■ WORK ITEM ■
From the line with "しっとりしたクレープ生地のミ" to the line with "Mint & Gold", output every line below exactly, both ends included. Skip the pictures.

■ INFORMATION ■

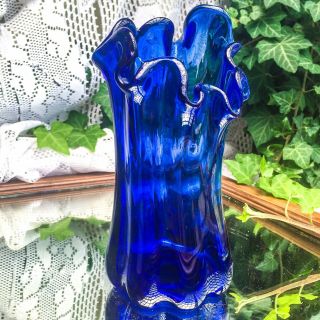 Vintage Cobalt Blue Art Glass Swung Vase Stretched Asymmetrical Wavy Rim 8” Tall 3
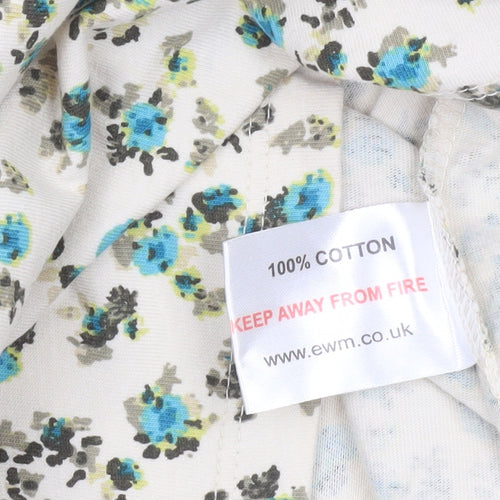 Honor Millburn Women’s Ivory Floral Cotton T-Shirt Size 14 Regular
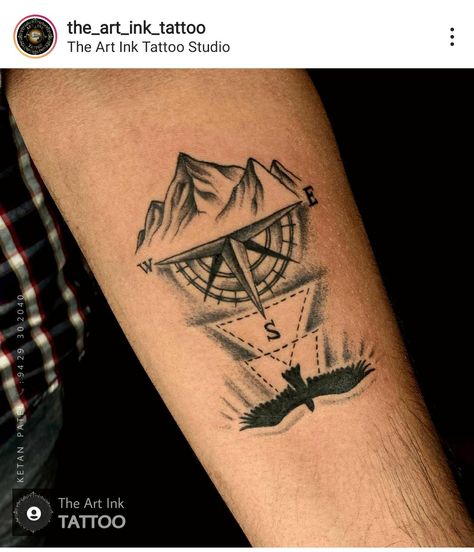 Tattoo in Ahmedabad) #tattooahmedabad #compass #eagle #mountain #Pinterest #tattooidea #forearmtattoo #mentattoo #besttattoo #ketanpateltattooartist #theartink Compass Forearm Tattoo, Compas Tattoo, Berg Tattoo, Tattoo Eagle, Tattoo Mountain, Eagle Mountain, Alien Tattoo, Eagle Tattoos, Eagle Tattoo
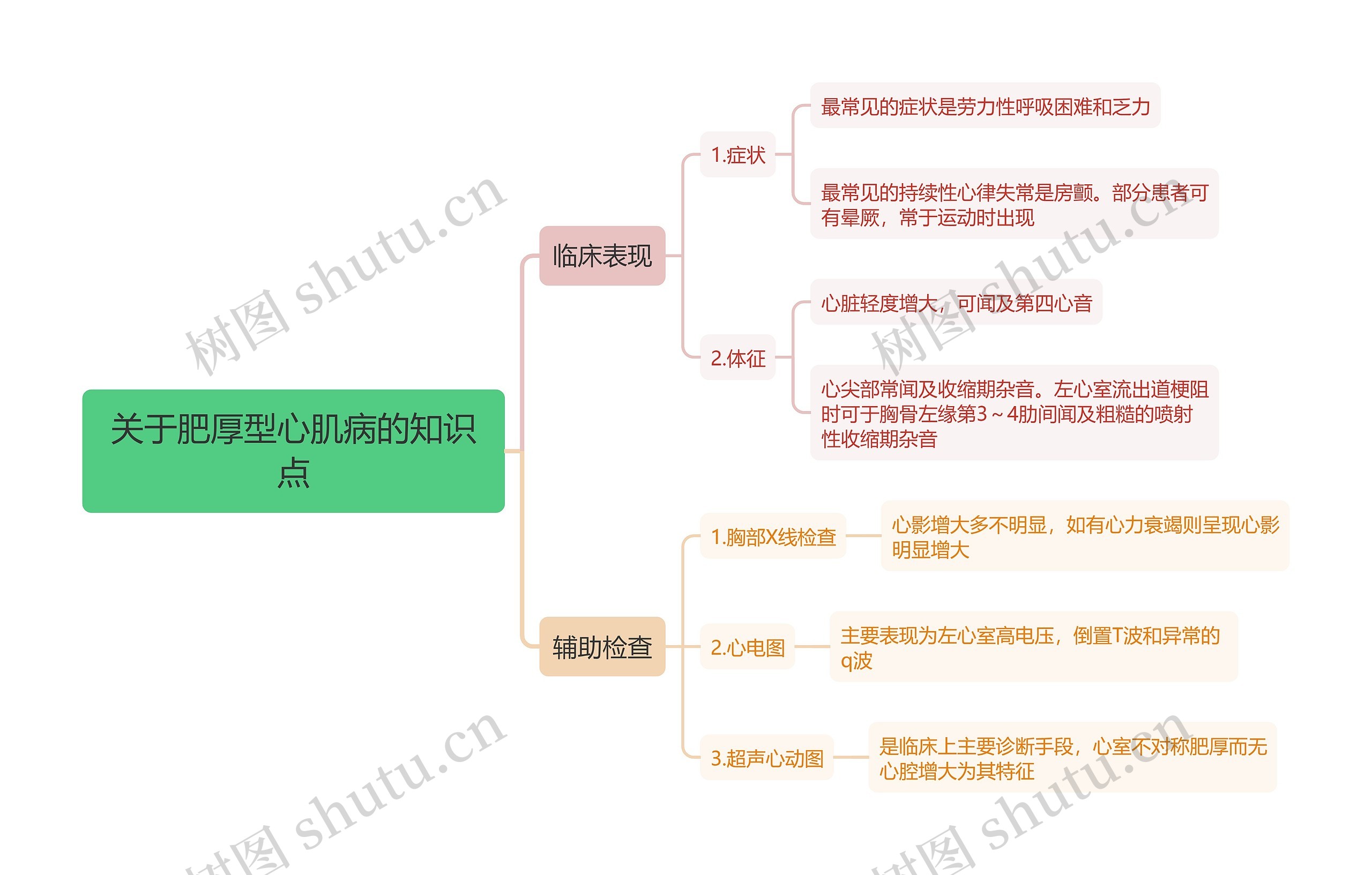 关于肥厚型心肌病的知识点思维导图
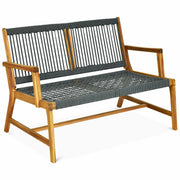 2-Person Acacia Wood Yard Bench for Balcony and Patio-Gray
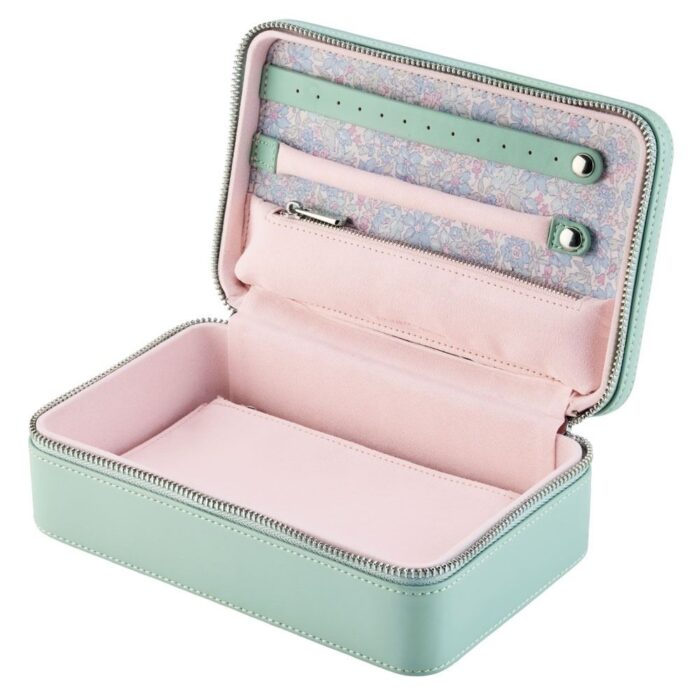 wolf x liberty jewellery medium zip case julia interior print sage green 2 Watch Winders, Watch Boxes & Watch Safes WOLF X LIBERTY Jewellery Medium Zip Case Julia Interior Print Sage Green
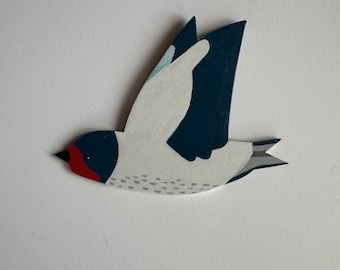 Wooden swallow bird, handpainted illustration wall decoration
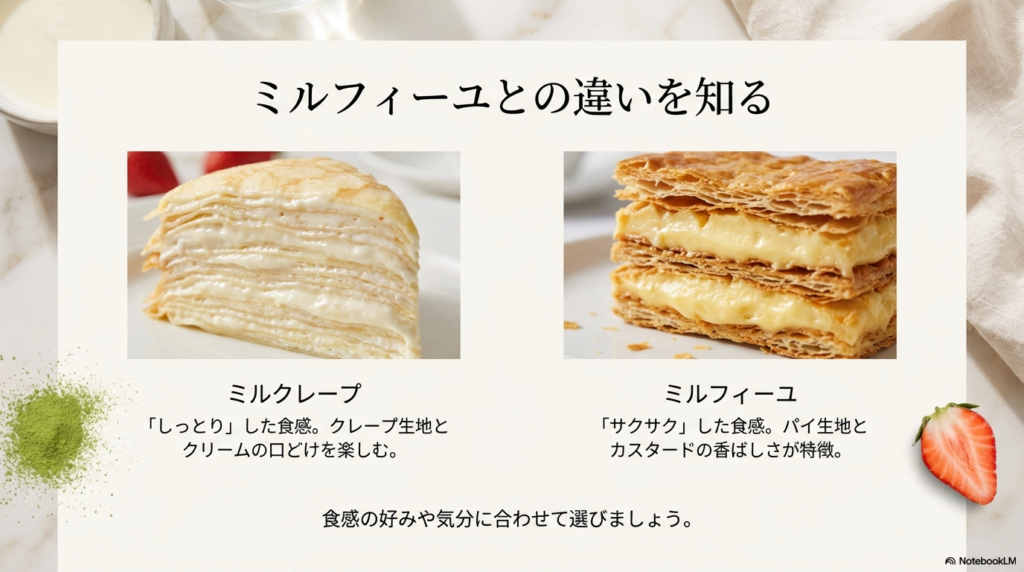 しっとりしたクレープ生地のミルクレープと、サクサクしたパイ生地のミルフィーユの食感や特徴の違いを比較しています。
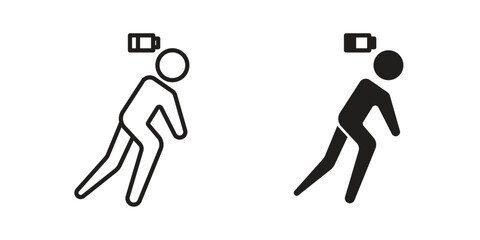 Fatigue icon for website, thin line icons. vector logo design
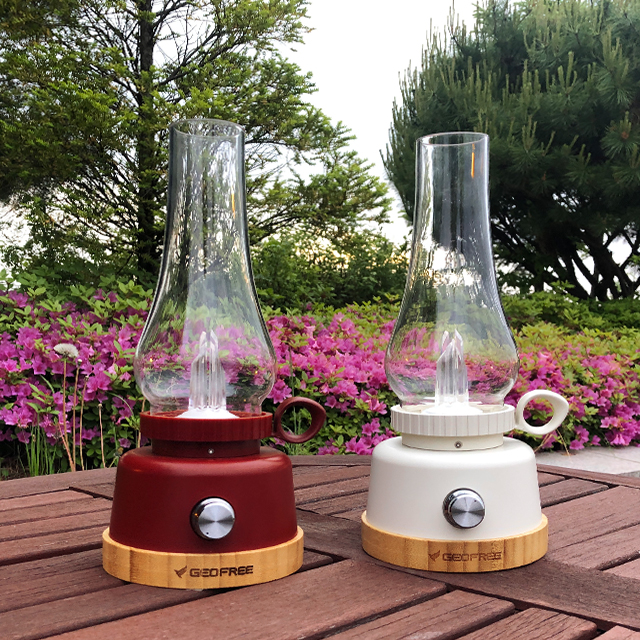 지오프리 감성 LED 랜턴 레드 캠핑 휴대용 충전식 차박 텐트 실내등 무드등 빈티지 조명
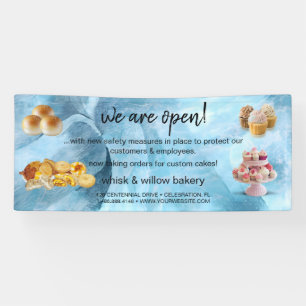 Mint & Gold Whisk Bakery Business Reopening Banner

---

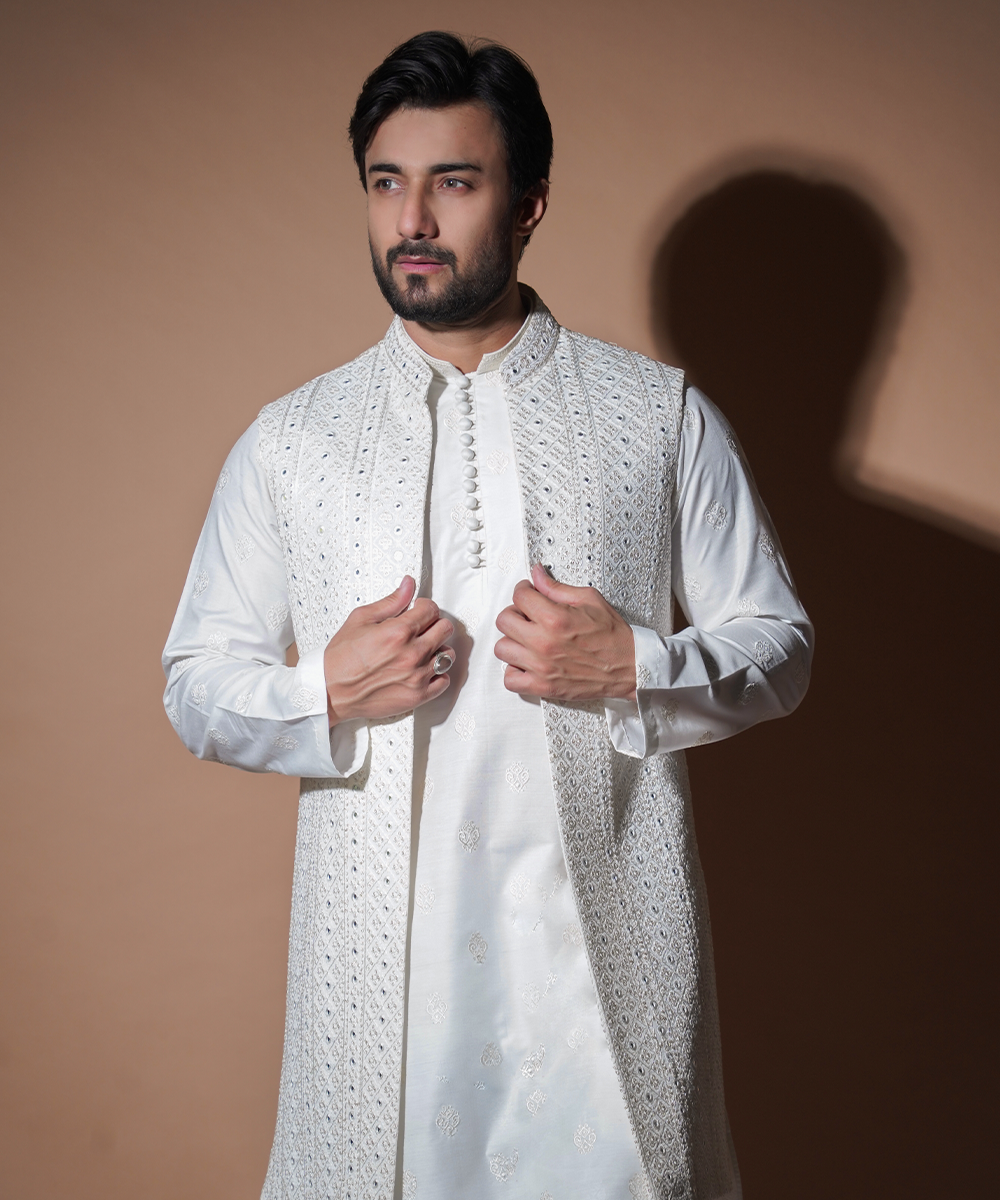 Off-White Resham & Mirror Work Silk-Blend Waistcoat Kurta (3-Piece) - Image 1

■ RESPONSE BOX ■
 しっとりしたクレープ生地のミルクレープと、サクサクしたパイ生地のミルフィーユの食感や特徴の違いを比較しています。
 Fatigue icon for website, thin line icons. vector logo design
 지오프리 감성 LED 랜턴 레드 캠핑 휴대용 충전식 차박 텐트 실내등 무드등 빈티지 조명
 Mint & Gold Whisk Bakery Business Reopening Banner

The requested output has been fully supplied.